**Task brief**
What are the lines below, starting at the line containing "Alief Taylor head" and ending at the line containing "Young boy sitting"? Write them out exactly, ends included, without pictures.

**Provided entries**
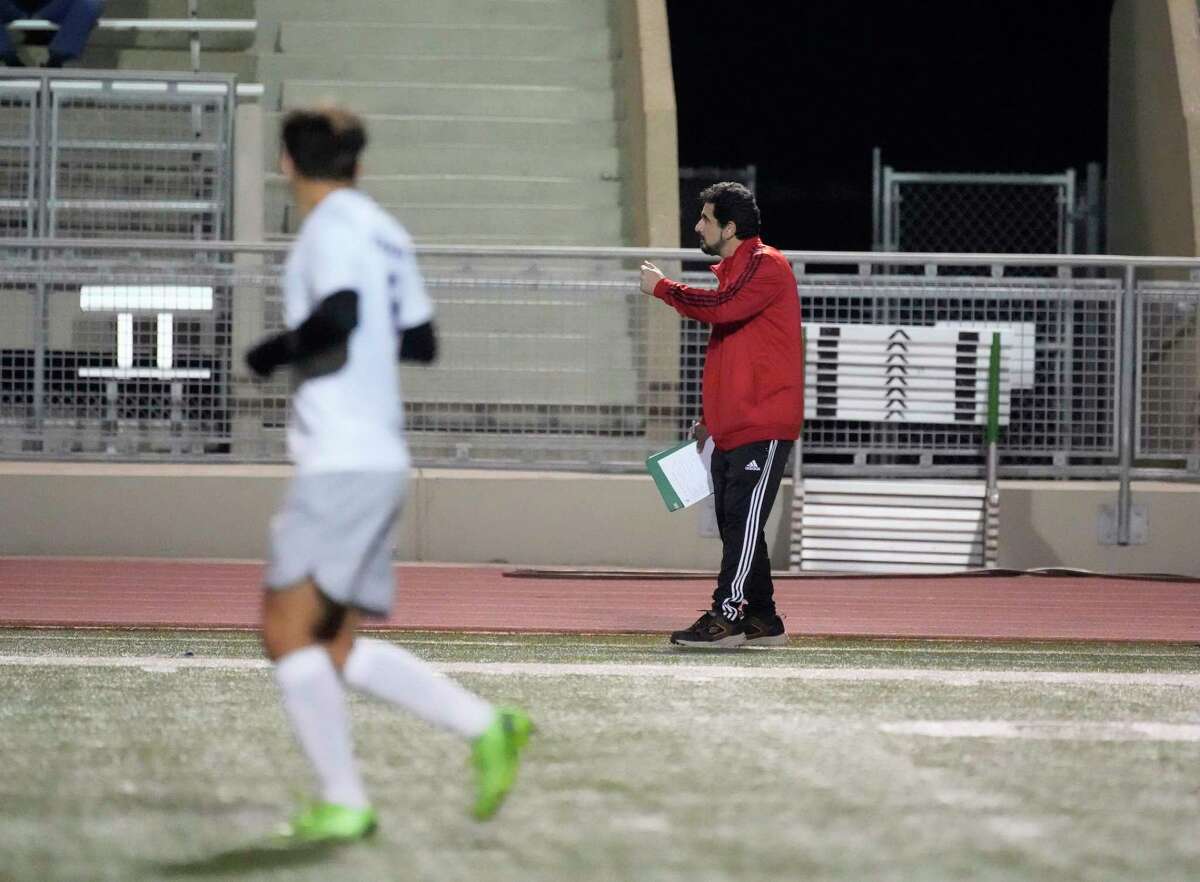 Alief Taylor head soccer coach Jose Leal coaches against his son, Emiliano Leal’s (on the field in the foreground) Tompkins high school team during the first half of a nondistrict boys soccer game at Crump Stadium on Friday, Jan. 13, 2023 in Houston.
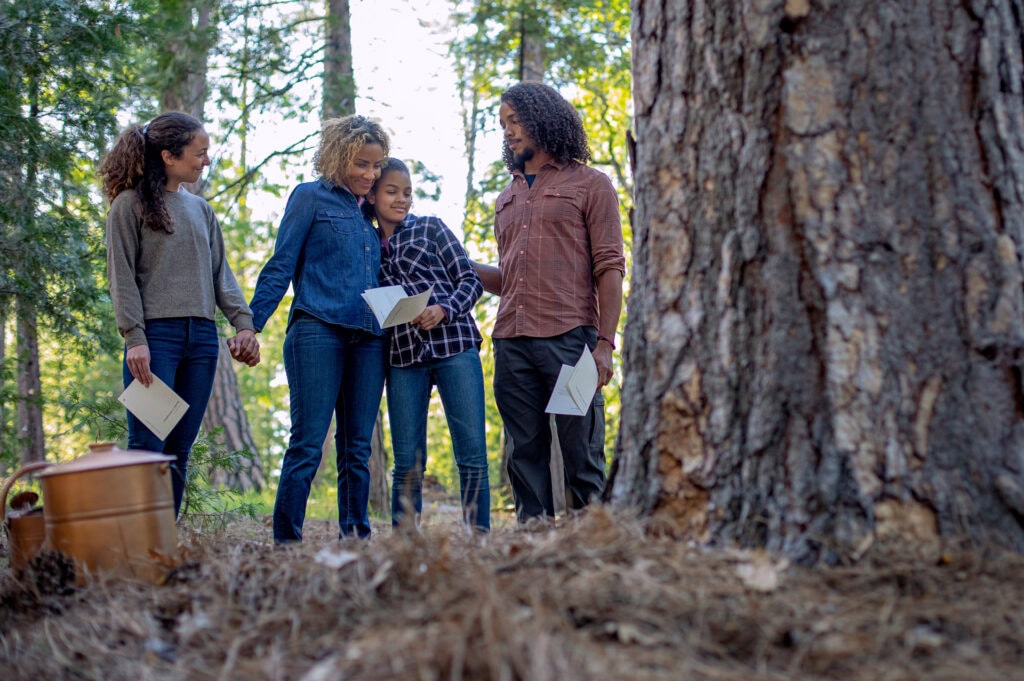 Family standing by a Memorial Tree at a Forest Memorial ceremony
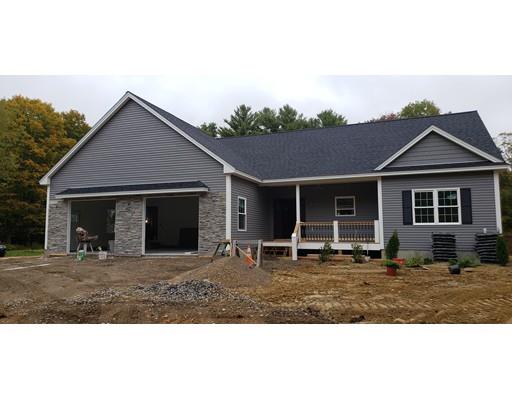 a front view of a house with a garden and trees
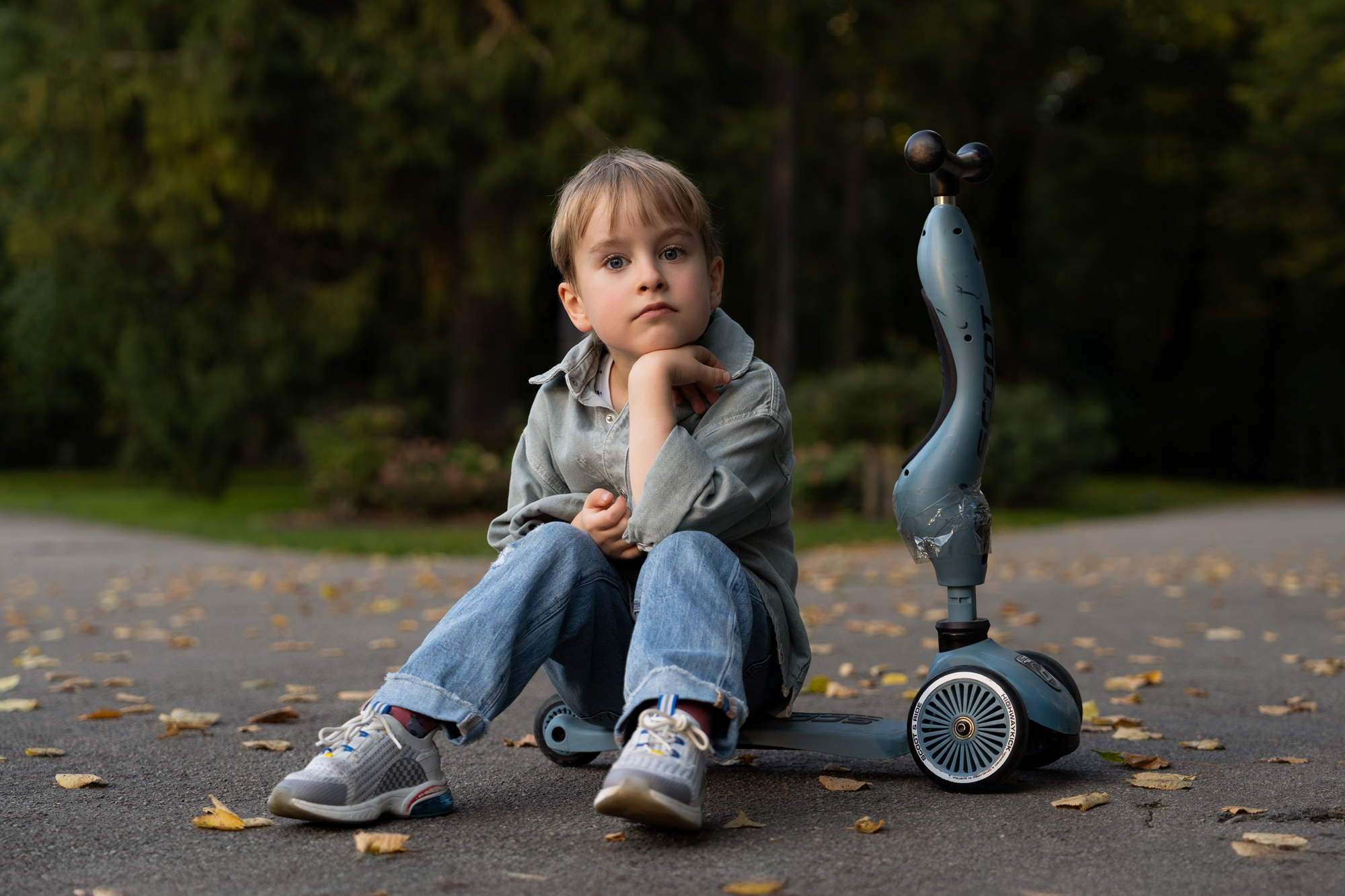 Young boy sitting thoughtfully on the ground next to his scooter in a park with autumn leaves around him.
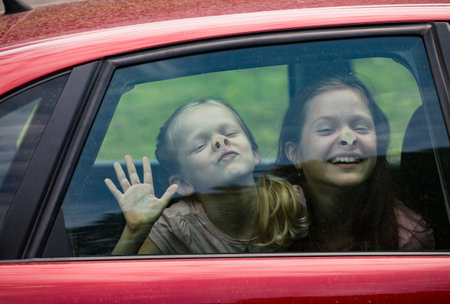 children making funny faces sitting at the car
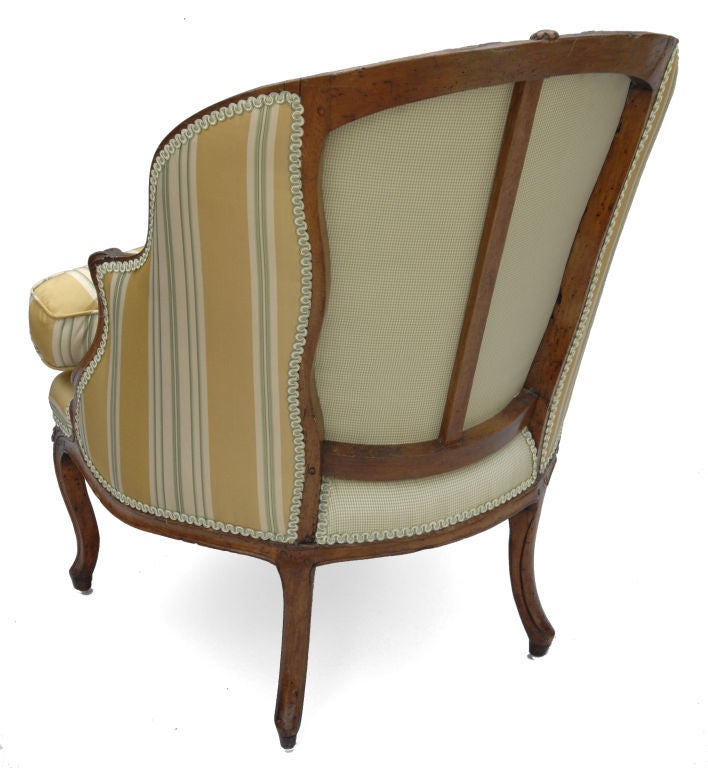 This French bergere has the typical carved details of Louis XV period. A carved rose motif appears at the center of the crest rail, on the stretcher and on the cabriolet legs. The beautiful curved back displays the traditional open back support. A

--

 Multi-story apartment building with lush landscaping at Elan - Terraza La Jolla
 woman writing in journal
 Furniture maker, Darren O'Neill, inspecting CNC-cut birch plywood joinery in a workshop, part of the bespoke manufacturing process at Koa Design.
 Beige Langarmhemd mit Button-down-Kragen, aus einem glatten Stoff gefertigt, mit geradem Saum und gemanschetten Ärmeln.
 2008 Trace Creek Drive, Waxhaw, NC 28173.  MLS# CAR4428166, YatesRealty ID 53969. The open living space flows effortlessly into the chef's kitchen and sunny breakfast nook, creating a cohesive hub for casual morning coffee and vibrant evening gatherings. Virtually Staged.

**Output of the exercise**
 Alief Taylor head soccer coach Jose Leal coaches against his son, Emiliano Leal’s (on the field in the foreground) Tompkins high school team during the first half of a nondistrict boys soccer game at Crump Stadium on Friday, Jan. 13, 2023 in Houston.
 Family standing by a Memorial Tree at a Forest Memorial ceremony
 a front view of a house with a garden and trees
 Young boy sitting thoughtfully on the ground next to his scooter in a park with autumn leaves around him.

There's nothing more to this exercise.